→ Goal of the exercise:
Once the line with "2015 Nissan Versa" is found, repeat it and all later lines exactly through the end of the listing below, with the pictures left out.

→ Material for this exercise:
▬▬▬▬▬▬▬▬▬▬

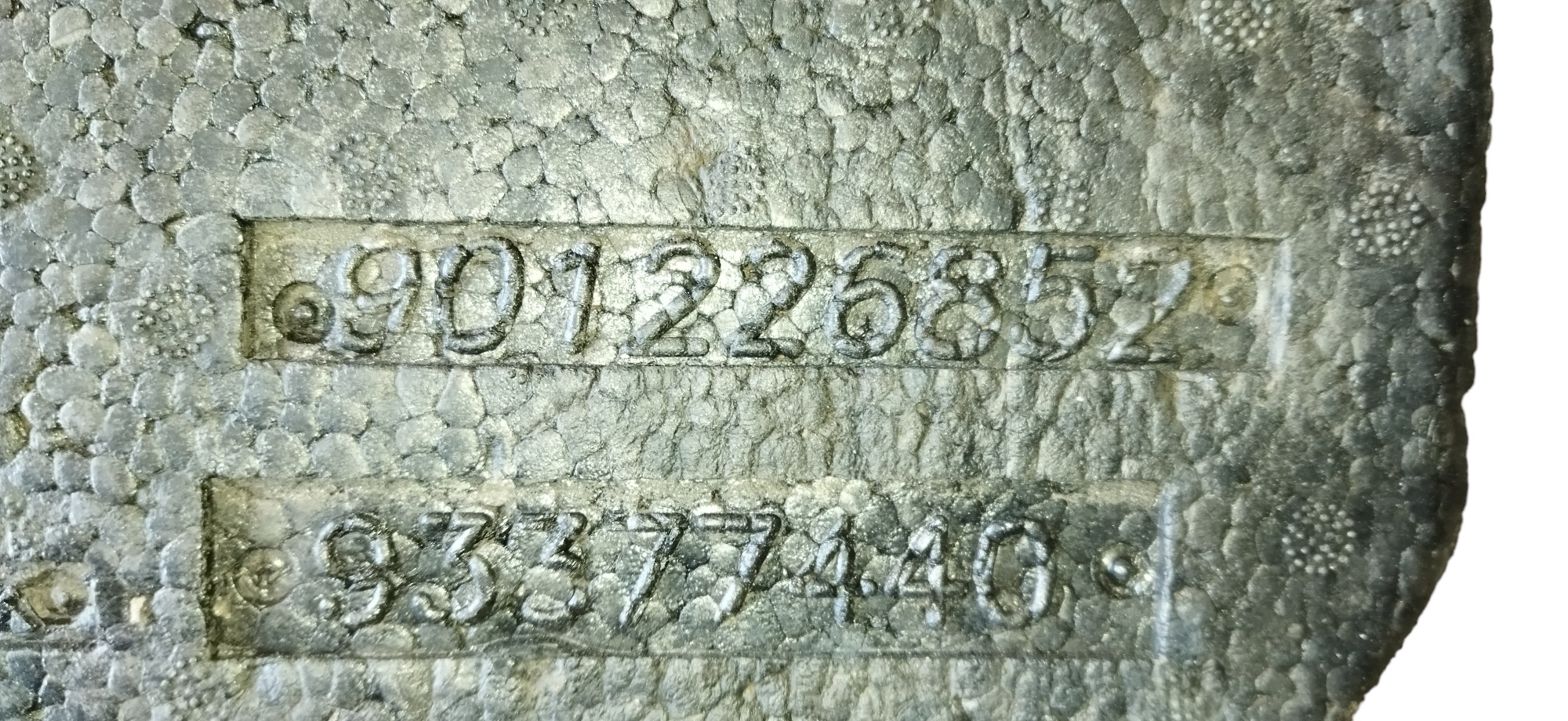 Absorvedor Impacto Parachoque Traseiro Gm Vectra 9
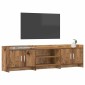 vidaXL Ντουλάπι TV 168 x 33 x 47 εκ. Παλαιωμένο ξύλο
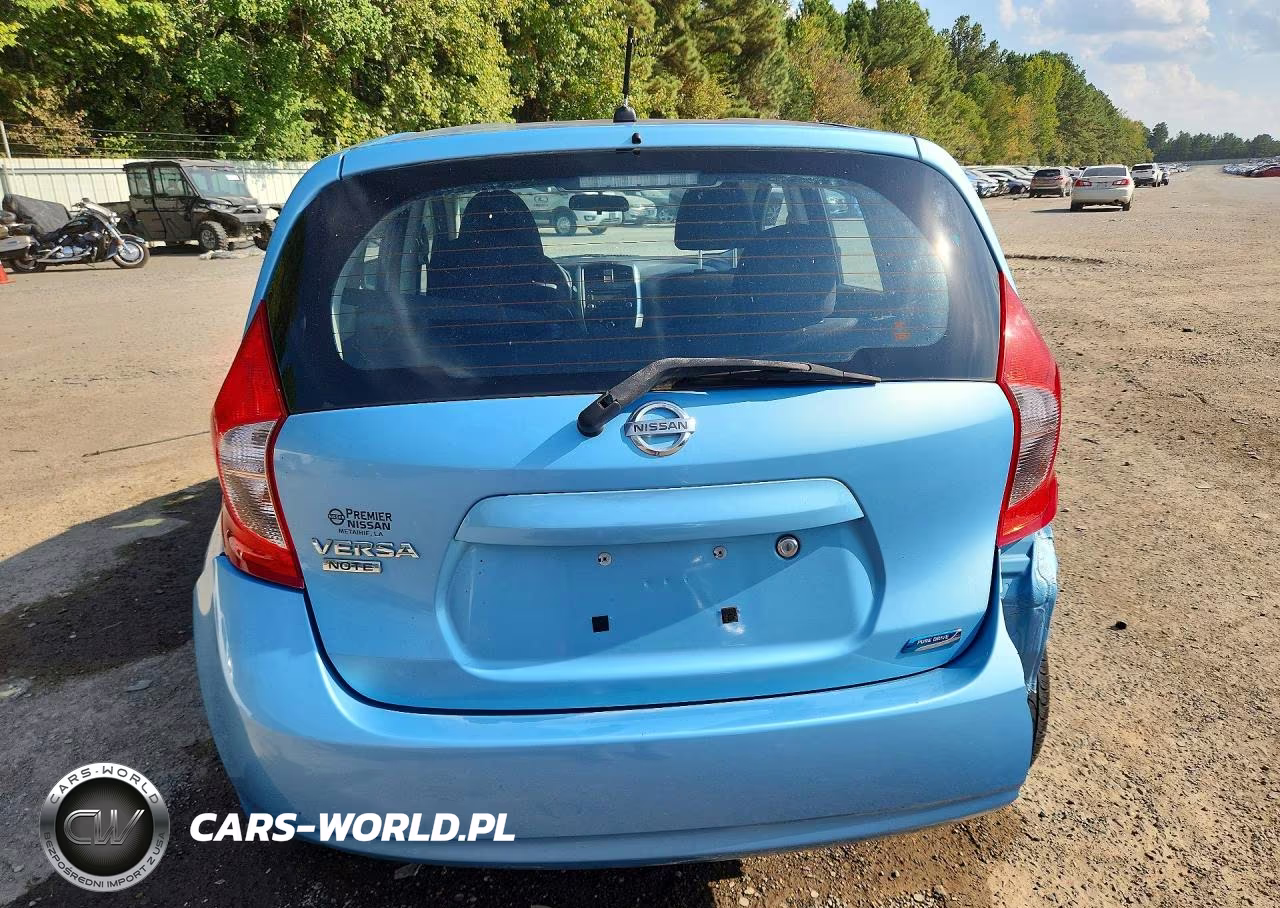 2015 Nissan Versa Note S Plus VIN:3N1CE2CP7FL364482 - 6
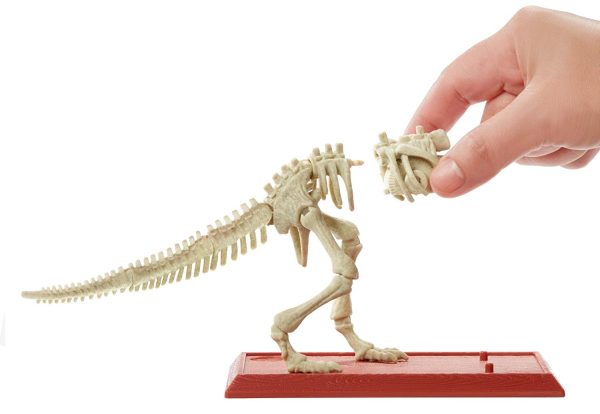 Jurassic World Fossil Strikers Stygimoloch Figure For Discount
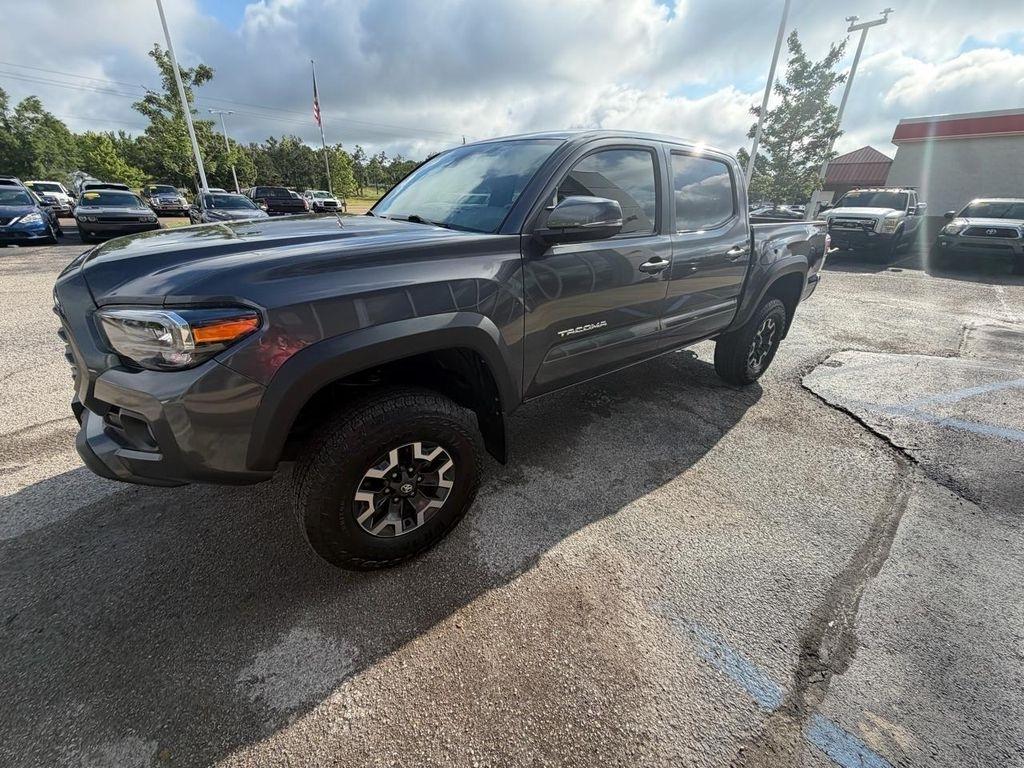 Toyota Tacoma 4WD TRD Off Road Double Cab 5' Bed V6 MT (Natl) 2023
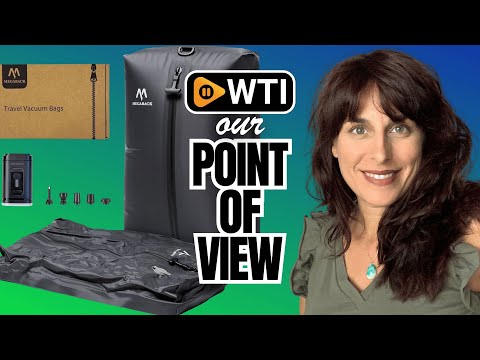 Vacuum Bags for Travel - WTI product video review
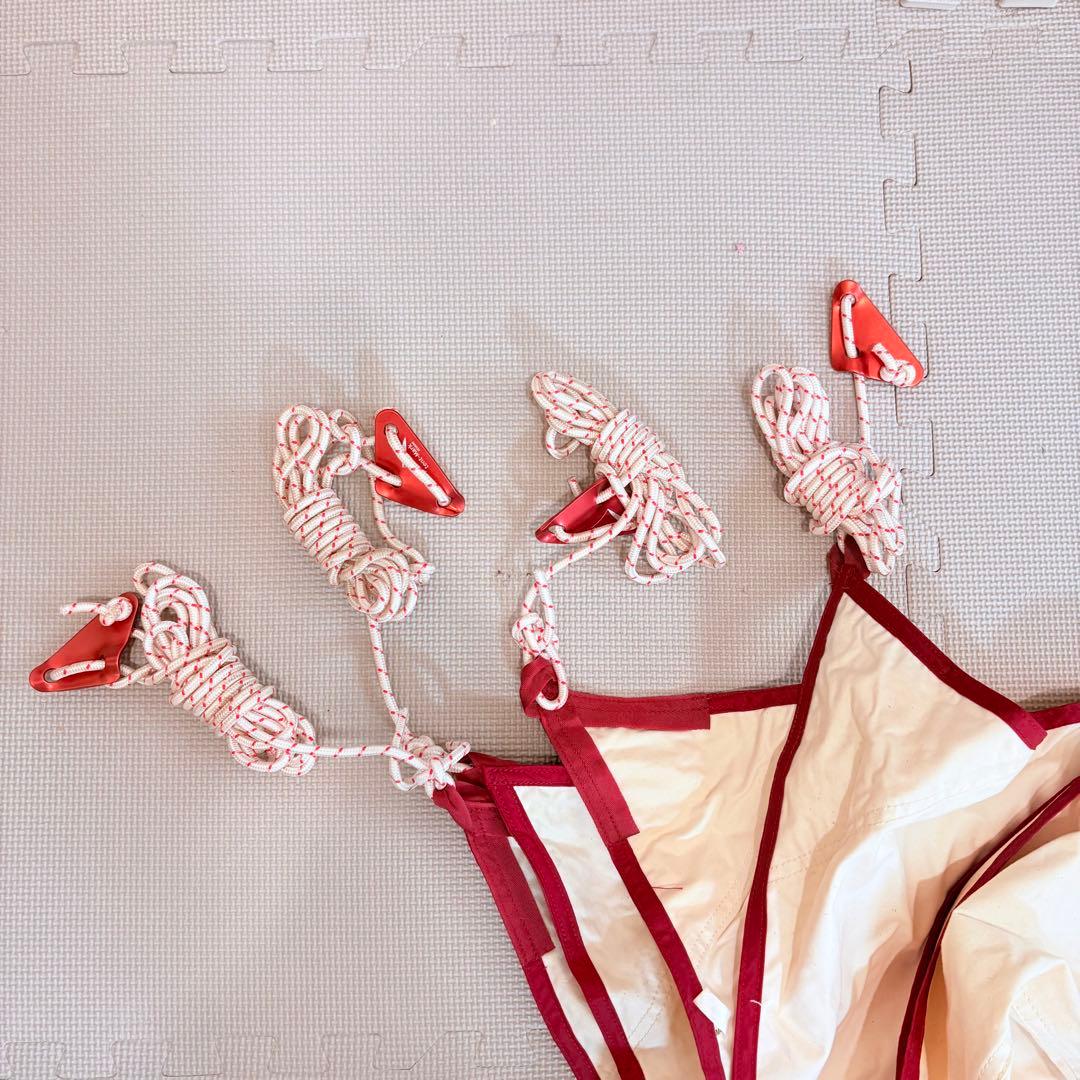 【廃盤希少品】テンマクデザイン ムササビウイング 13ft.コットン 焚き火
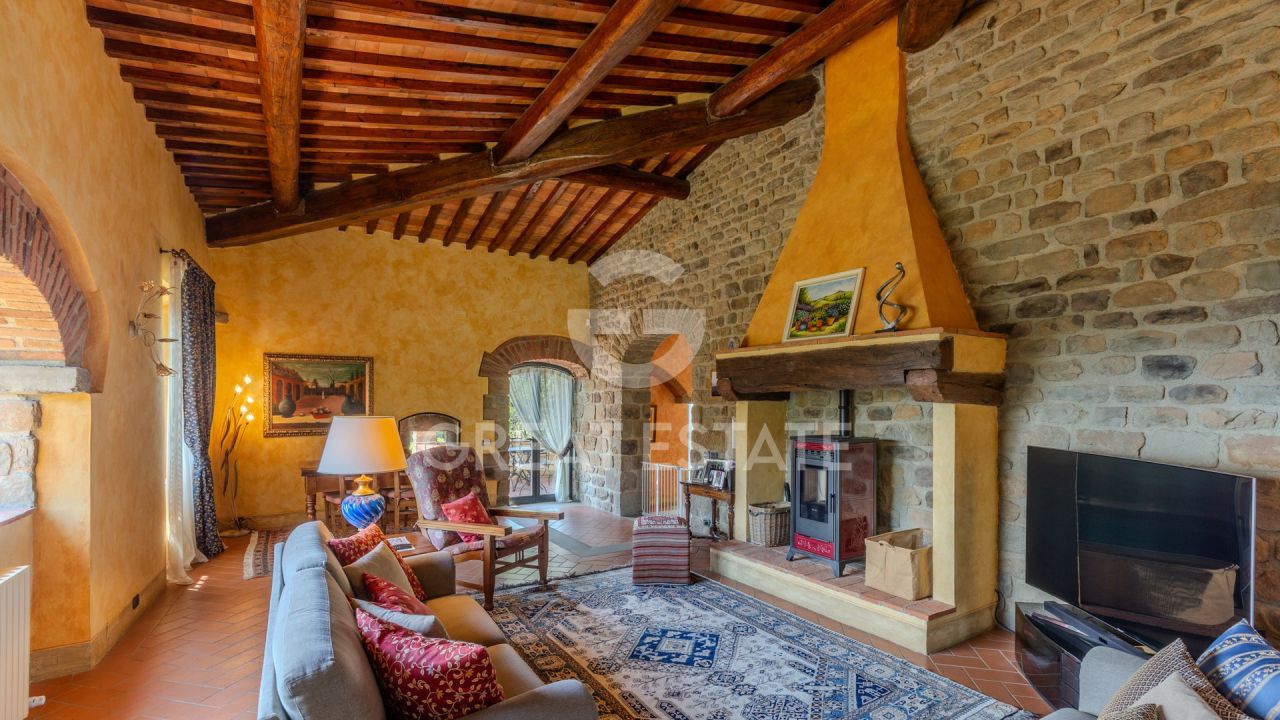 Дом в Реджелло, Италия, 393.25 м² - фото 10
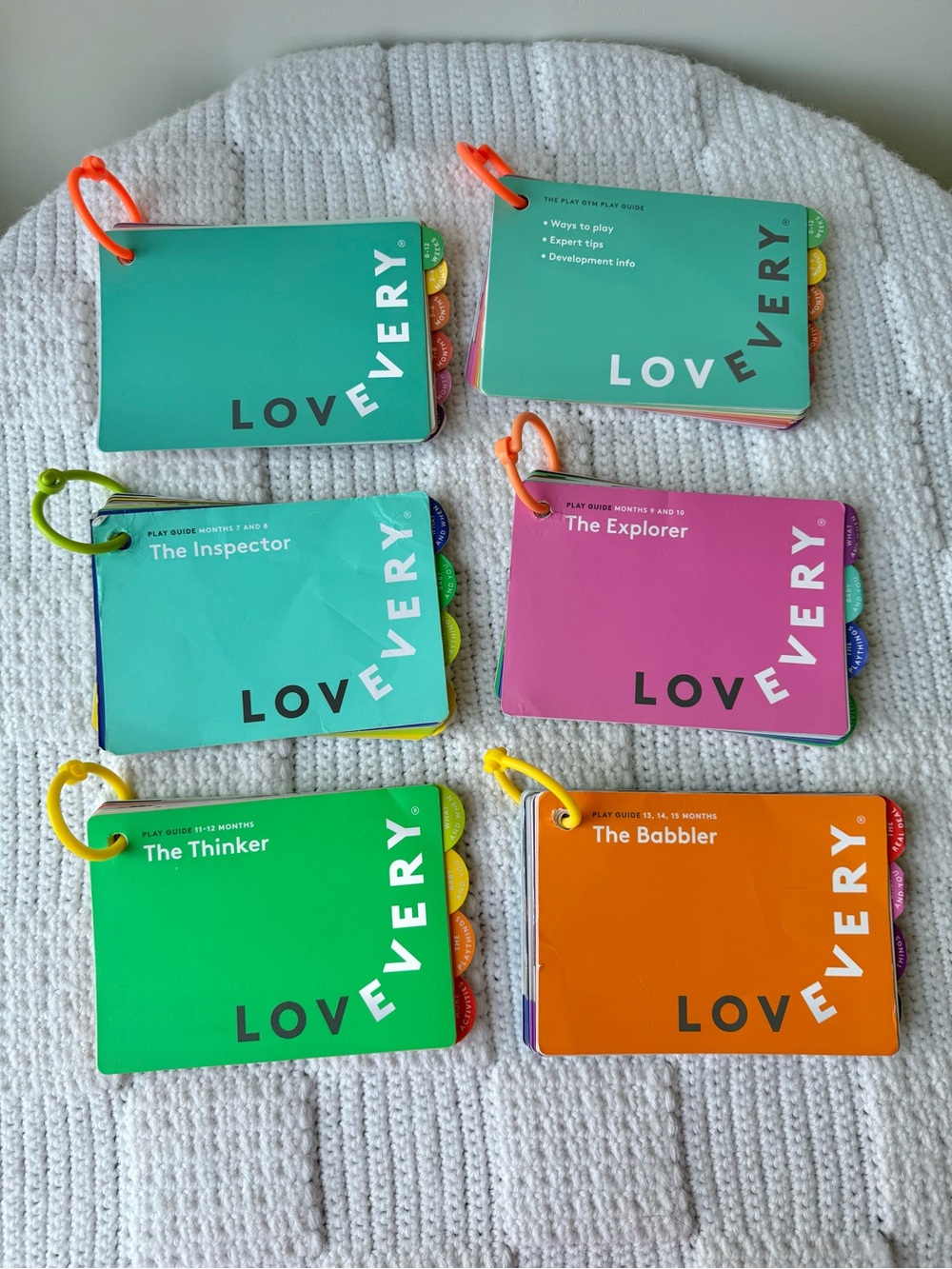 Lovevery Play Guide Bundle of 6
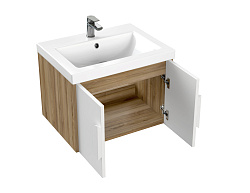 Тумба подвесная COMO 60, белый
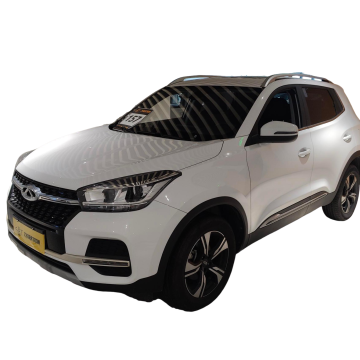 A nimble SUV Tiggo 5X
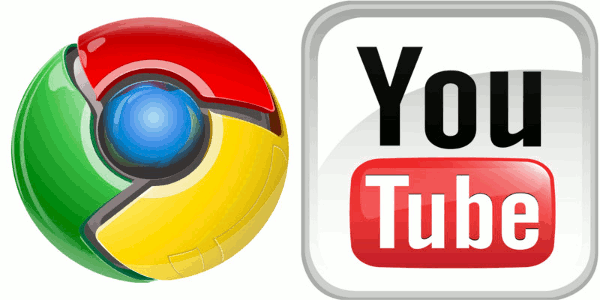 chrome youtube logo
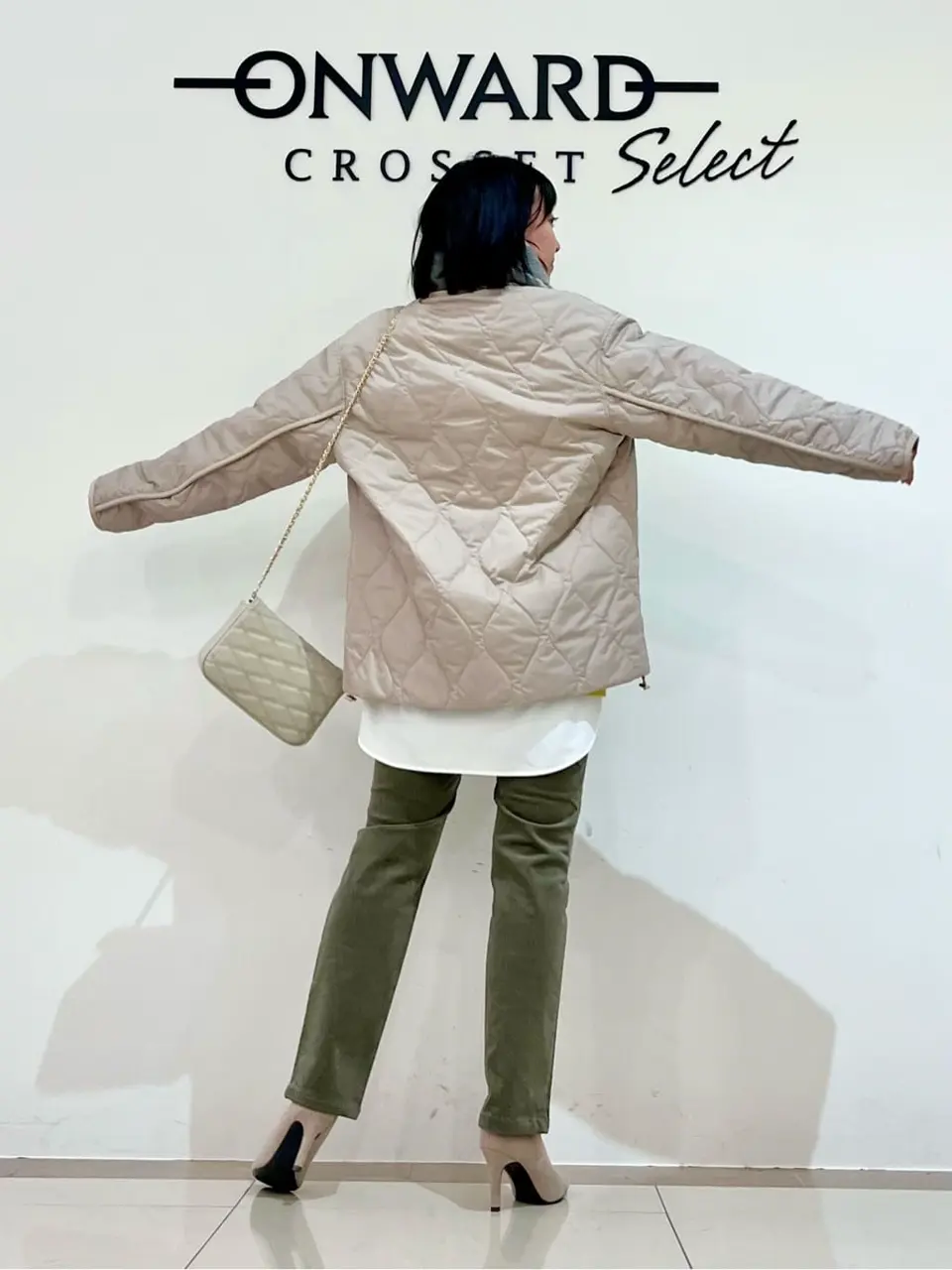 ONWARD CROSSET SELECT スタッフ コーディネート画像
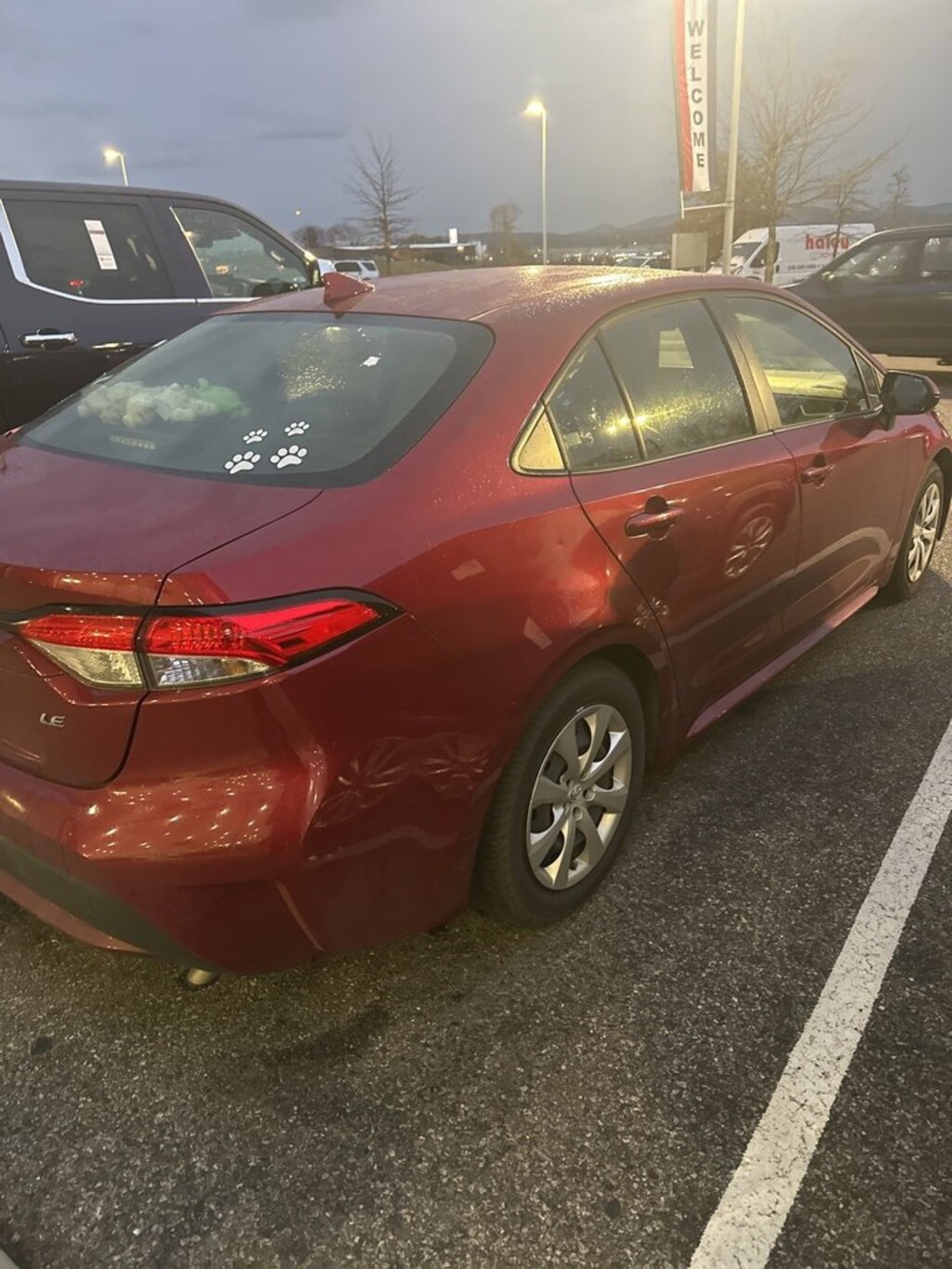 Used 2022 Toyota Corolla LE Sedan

▬▬▬▬▬▬▬▬▬▬

→ Finished task:
 2015 Nissan Versa Note S Plus VIN:3N1CE2CP7FL364482 - 6
 Jurassic World Fossil Strikers Stygimoloch Figure For Discount
 Toyota Tacoma 4WD TRD Off Road Double Cab 5' Bed V6 MT (Natl) 2023
 Vacuum Bags for Travel - WTI product video review
 【廃盤希少品】テンマクデザイン ムササビウイング 13ft.コットン 焚き火
 Дом в Реджелло, Италия, 393.25 м² - фото 10
 Lovevery Play Guide Bundle of 6
 Тумба подвесная COMO 60, белый
 A nimble SUV Tiggo 5X
 chrome youtube logo
 ONWARD CROSSET SELECT スタッフ コーディネート画像
 Used 2022 Toyota Corolla LE Sedan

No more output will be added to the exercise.